Olmayan filmi aldılar

Salonda bir tek boş yer kalmamıştı. Filmin bitiminden sonra festival seyircisinin dakikalar süren alkışı, ödüllerin habercisi gibiydi. Nitekim ödüllerin açıklanmasından iki gün önce Avrupa'nın en büyük yapımcı ve dağıtımcıları peş peşe standımıza akın ettiler.
Canal+, Celluloid Dreams, Wild Bunch, Flach Pyramide, Nuri'yle görüşmek için sıraya girdiler. Nuri'nin henüz senaryosu yazılmamış yeni projesine milyonlarca dolar yatırmak istiyorlar. Filmine yapımcı olmak istiyorlar veya dünya haklarını şimdiden kapatmak istiyorlar. Bir Türkiye sinemacısının ulaştığı bu başarıyı yakından gördüm, yaşadım, onunla gururlandım ve keyif aldım. Çünkü olan biten her şey oluşmasına emek verdiğim Türkiye Standı'nda gerçekleşiyordu.

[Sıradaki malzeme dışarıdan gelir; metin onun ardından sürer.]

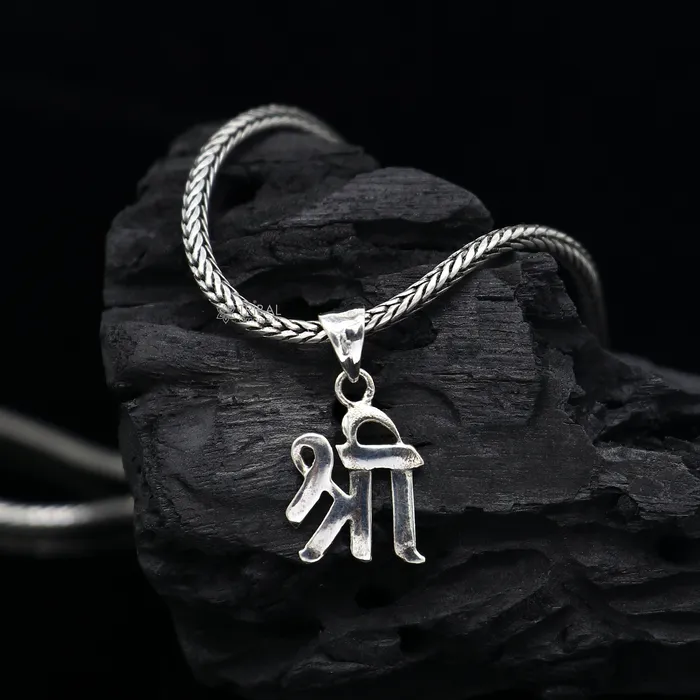 TRIBAL ORNAMENTS Necklaces 925 sterling silver SHRI Pendant powerful Hindu symbol Shree or Shri pendant locket for unisex divine jewelry necklace nsp693 TRIBAL ORNAMENTS Necklaces 925 sterling silver SHRI Pendant powerful Hindu symbol Shree or Shri pendant locket for unisex divine jewelry necklace nsp693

'Uzak', Türkiye'de ulaştığı seyirci sayısı 20 bin bile değil. Ulusal sınırlar içindeki bu ticari başarısızlığı(!) küçümseyenlerin suratını görür gibiyim. Magazin ve popülizm rüzgârı ile filmleri milyonun üzerinde seyirci toplayan tüccar yönetmenler, ulusal sınırlar içindeki başarıları ile avunadursunlar. Ceylan, sinemamızda yeni bir ekolün, yeni bir dönemin ve film üretim tarzının kapısını ardına kadar araladı. Bu üretim tarzının şimdilik görünen üç ayağı var; yaşadığın toprağın insanını yaratıcılık, samimiyet ve ciddiyetle anlatacaksın.

Türk Sineması için yeni bir tarih sayfası açıldı: 2003 Cannes Film Festivali ve Nuri Bilge Ceylan.